» Task statement: Return the line containing "借3000哪个贷款平台秒下2025年推荐，罗列五个审贷口子审核加快的app" and every line beneath it through the end of the entries below, unchanged. Pictures stay out.

Entries supplied START

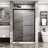 Double Sliding Shower Enclosure - 48" W X 72" H, Tempered Glass, Matte Black Frame, Stainless Steel Rings 48 In. 72 H Door Sliding, Clear Black, Specimens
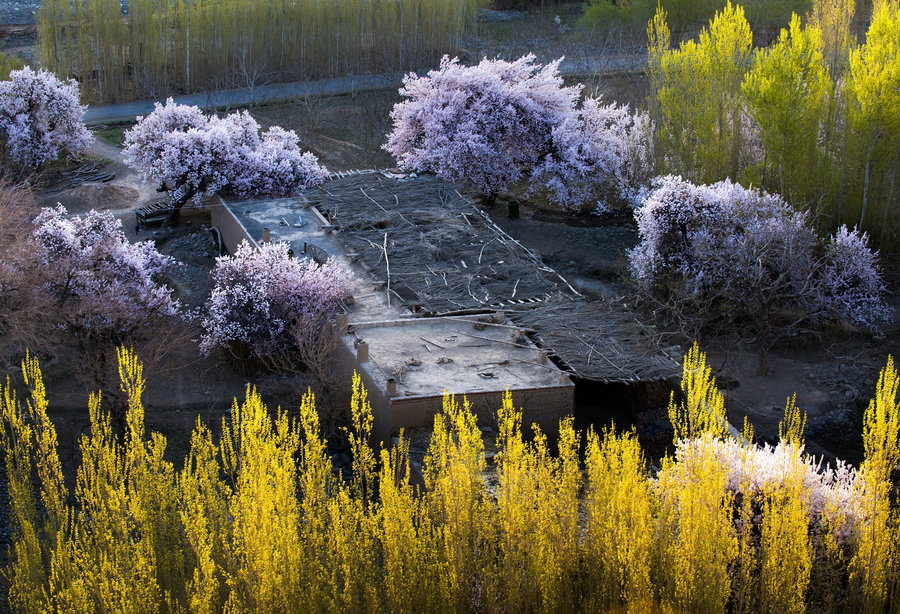 The natural beauty of Xinjiang amazes people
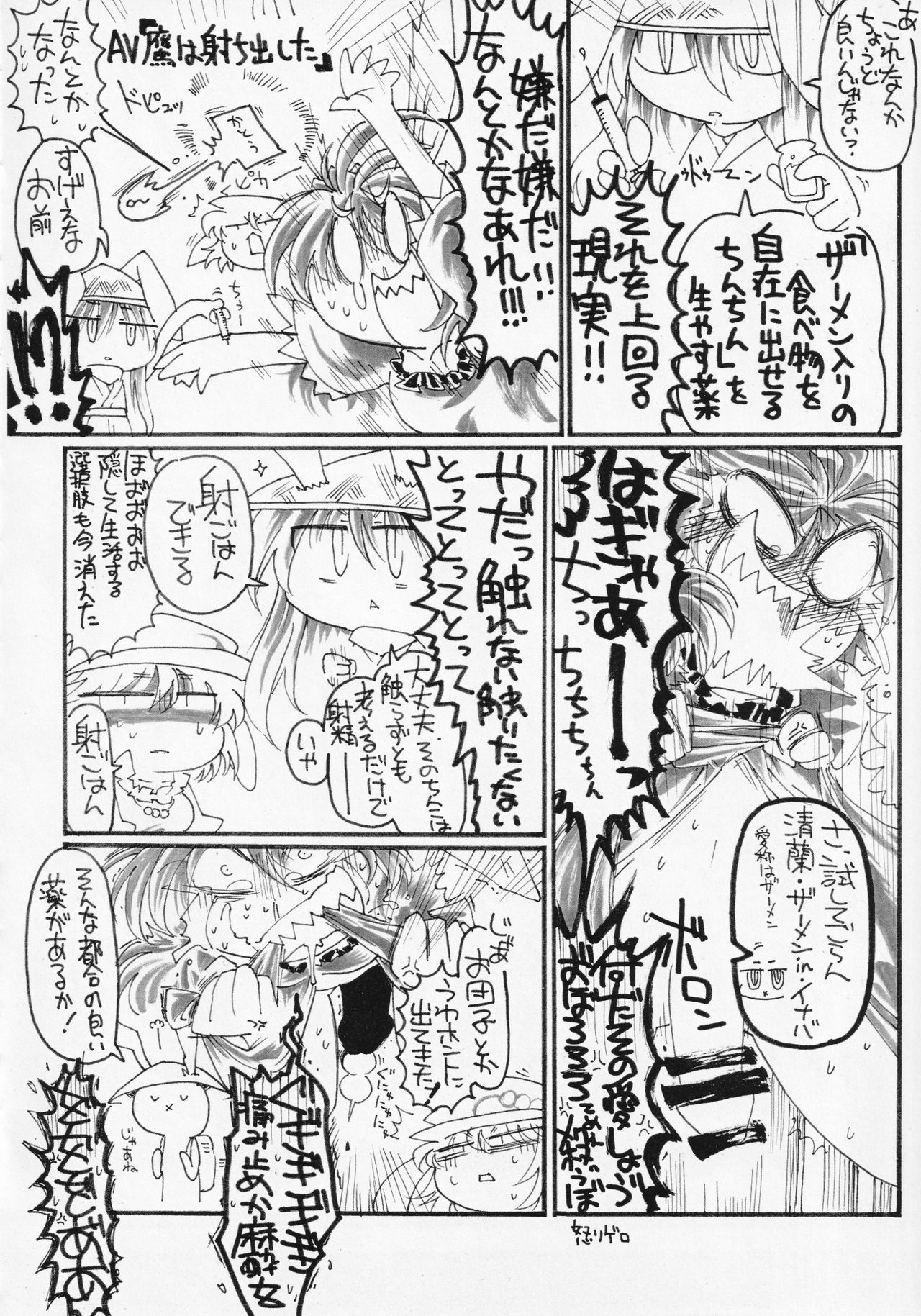 (例大祭13) [蓮川堂 (よろず)] 東方食ザー合同 (東方Project)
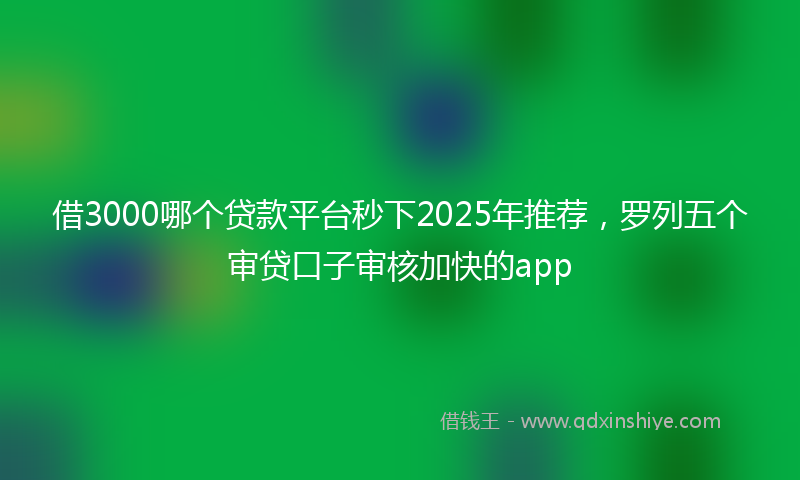 借3000哪个贷款平台秒下2025年推荐，罗列五个审贷口子审核加快的app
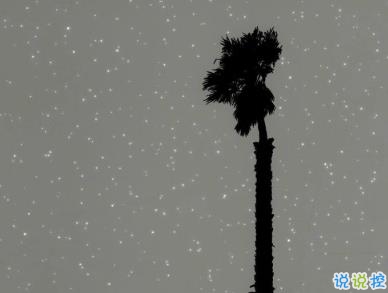 一句話傷心說說心情帶圖片 越想忘記越難忘記9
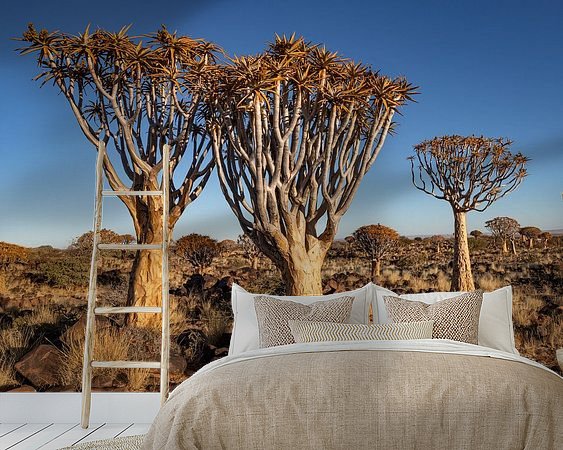 Aperçu de la chambre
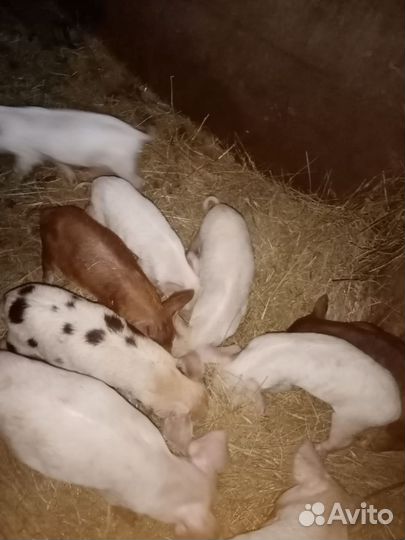 Поросята Ландрас Дюрок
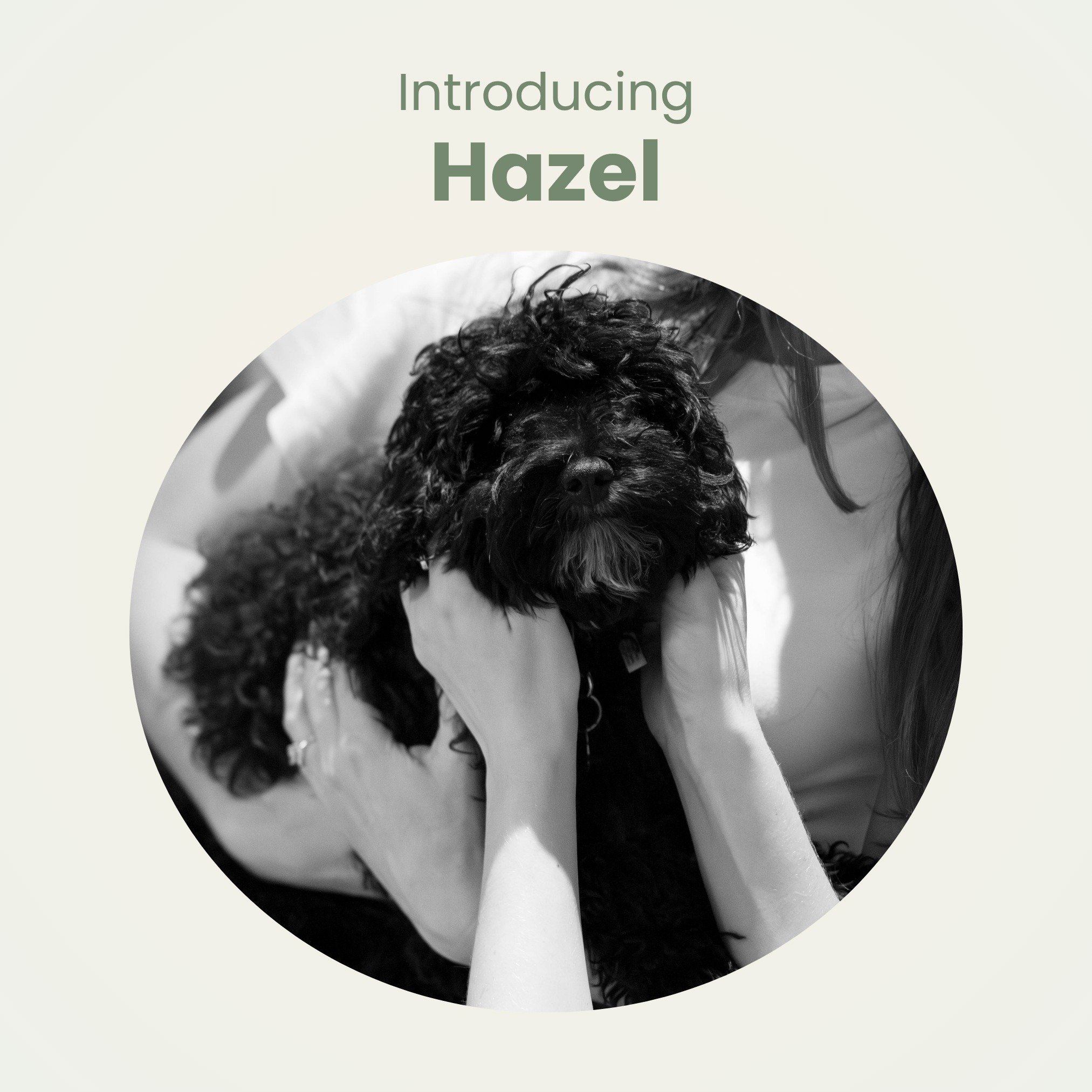Everyone, meet Hazel! 🐾

Hazel is the newest member of the Dove Occupational Therapy team. Over the coming months, she'll be embarking on her therapy dog training journey and will be making regular appearances around the practice.

If you spot Hazel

Entries supplied END

» Result:
 借3000哪个贷款平台秒下2025年推荐，罗列五个审贷口子审核加快的app
 一句話傷心說說心情帶圖片 越想忘記越難忘記9
 Aperçu de la chambre
 Поросята Ландрас Дюрок
Everyone, meet Hazel! 🐾

Hazel is the newest member of the Dove Occupational Therapy team. Over the coming months, she'll be embarking on her therapy dog training journey and will be making regular appearances around the practice.

If you spot Hazel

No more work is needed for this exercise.